» **Prompt**: From top to bottom, print the listing word for word and skip any pictures it contains.

» **Stored data**:
▶

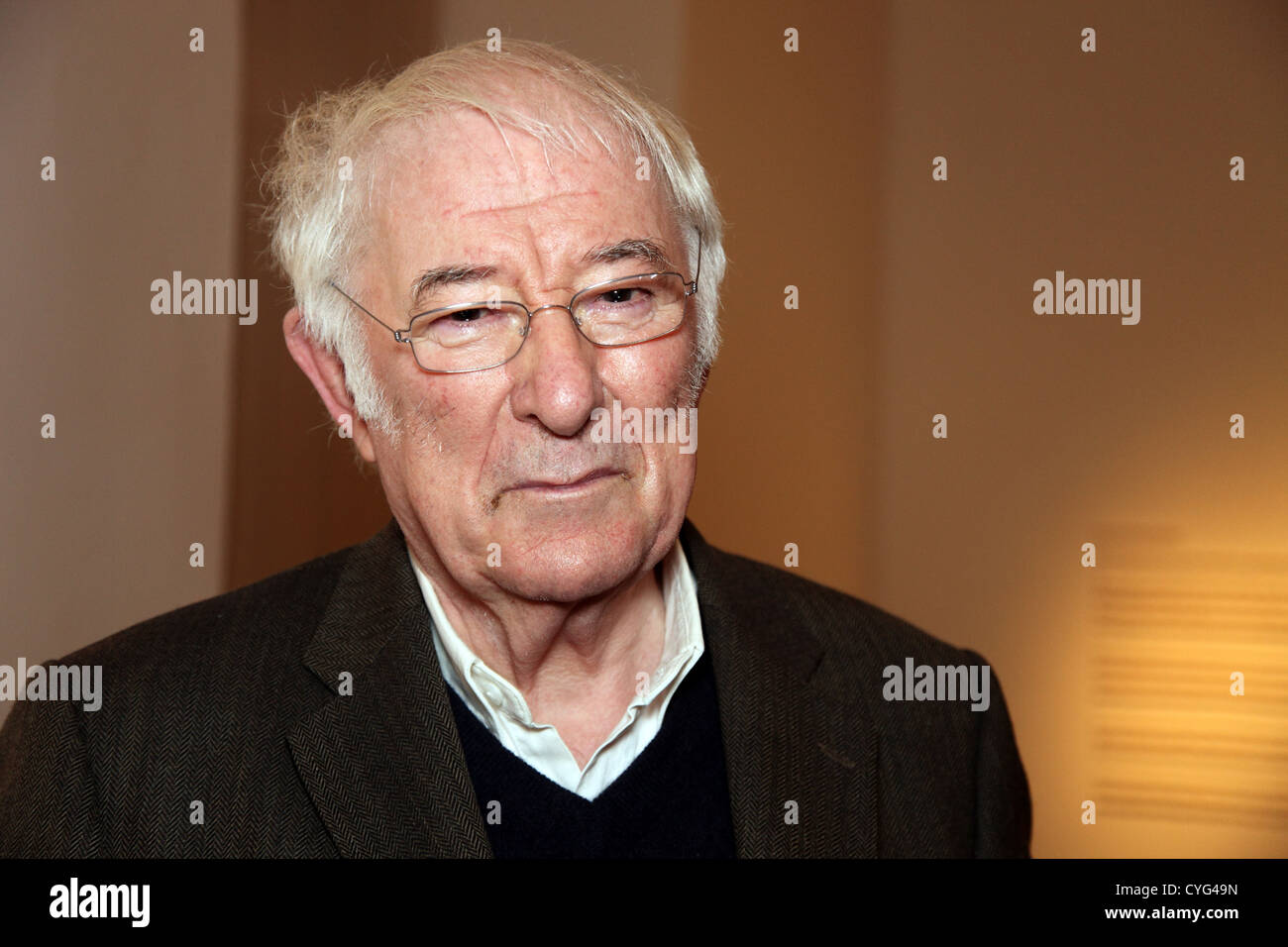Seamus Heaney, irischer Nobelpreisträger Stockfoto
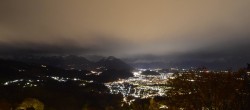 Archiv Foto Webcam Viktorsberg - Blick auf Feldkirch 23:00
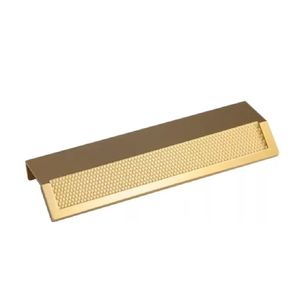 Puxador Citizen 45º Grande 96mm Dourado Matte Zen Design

◀

» **Reply to the exercise**:
Seamus Heaney, irischer Nobelpreisträger Stockfoto
 Archiv Foto Webcam Viktorsberg - Blick auf Feldkirch 23:00
 Puxador Citizen 45º Grande 96mm Dourado Matte Zen Design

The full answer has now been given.